The paper takes a qualitative approach to the data and engages in revealing processes of political communication through press translation. It examines two articles on Tony Blair’s premiership, from The Guardian and The New York Times, translated for Η Καθημερινή (I Kathimerini) broadsheet newspaper (2007). The articles display a different ideological intention, pro and against the prime minister, (respectively), evidently in line with the pluralist view of media impact (highlighting diversity and multiplicity of opinion). These articles are: Like it or Loathe it, After 10 Years Blair Knows Exactly What He Stands For (Ash 26 April 2007)[1] and its translation into Greek (Ash 27 April 2007)[2], and Tony Blair, Three-Time Loser (Gill 24 June 2007)[3] and its translation into Greek (Gill 1 July 2007)[4].

As the headlines suggest, Ash (26 April 2007), from The Guardian, takes a favorable attitude towards Mr. Blair, while Gill (24 June 2007), from The New York Times, fosters a predominantly negative gloss. The target versions display a comparable ideological stance, with that of the source articles, but they register a range of shifts which may be categorized and analyzed, with a view to charting translator behavior and singling out those shifts which the present study intends to highlight, namely shifts which assume awareness of political theoretical background knowledge, capable of constructing intended identities.

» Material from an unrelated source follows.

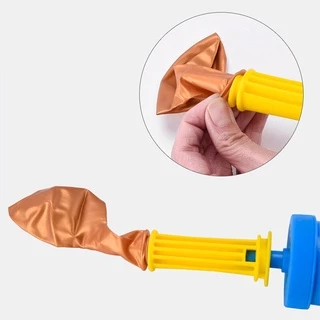 ที่สูบลมลูกโป่ง/กระบอกสูบลมลูกโป่ง แบบปั้มมือ Balloon Hand Pump (พร้อมส่ง)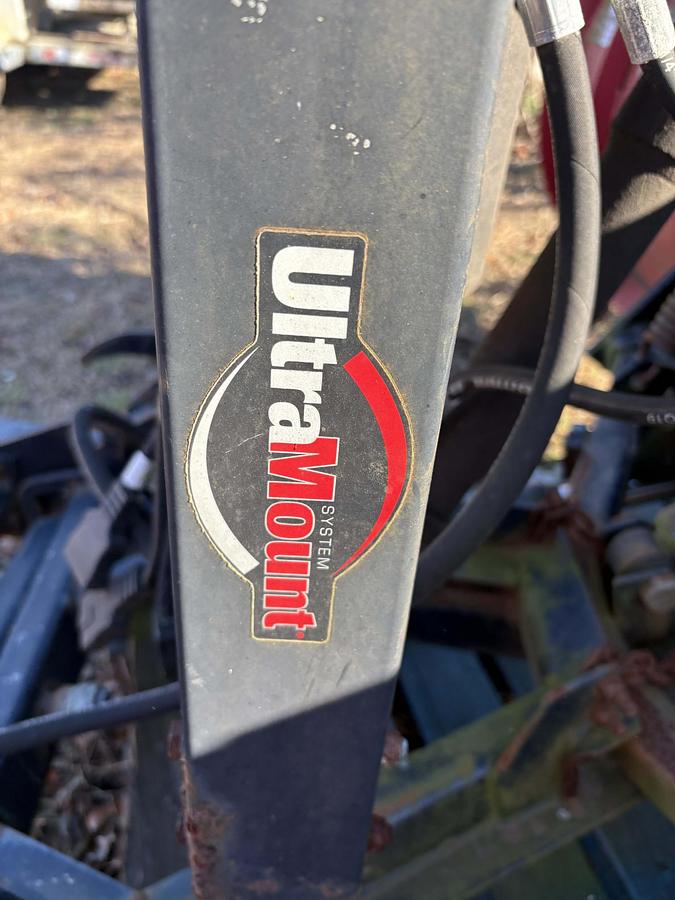 Used 0 WESTERN 8' Straight Blade Snow Plow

In agreement with the Martin and Nakayama (2003) view on approaches to intercultural communication, the study further categorizes the shifts traced in the data, with reference to their assumed type of motivation and predictability. It identifies

  • predictable behavior (of the journalist-translators), which reveals instances of communication influenced by culture (a social science approach);

  • creative and voluntary behavior, which reveals that culture is created and maintained through communication (the interpretive approach);

  • changeable behavior, which presents culture as a site of power struggles (the critical approach).

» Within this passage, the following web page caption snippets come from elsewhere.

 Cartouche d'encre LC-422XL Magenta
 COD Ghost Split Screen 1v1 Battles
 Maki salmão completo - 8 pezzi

Martin and Nakayama 2003: 48

The Martin and Nakayama tripartite distinction is not a stand-alone one. Political reality has been described as comprising three categories: objective political reality “comprising political events as they actually occur,” subjective reality – “reality of the political events as they are perceived by actors and citizens,” and constructed reality, “meaning events as covered by the media” (McNair 1995/2011: 11). The Martin and Nakayama (2003) “predictable behavior” seems to correspond to the “objective” perspective from which political reality is approached in McNair’s view, as predictable behavior (preference for one or another feature in communication) assuming a social science perspective can be objectively verified through data. The Martin and Nakayama (2003) “creative and voluntary behavior” assumes an interpretive motivation and may correspond to McNair’s subjective reality of political events as perceived by participants. On a par, the Martin and Nakayama (2003) “changeable behavior,” which assumes a power struggle perspective, seems to correspond to McNair’s constructed reality, in that the events covered by the media reflect the media-public power imbalance and the power of the media to shape (political or other) messages in favor of intended ideological perspectives.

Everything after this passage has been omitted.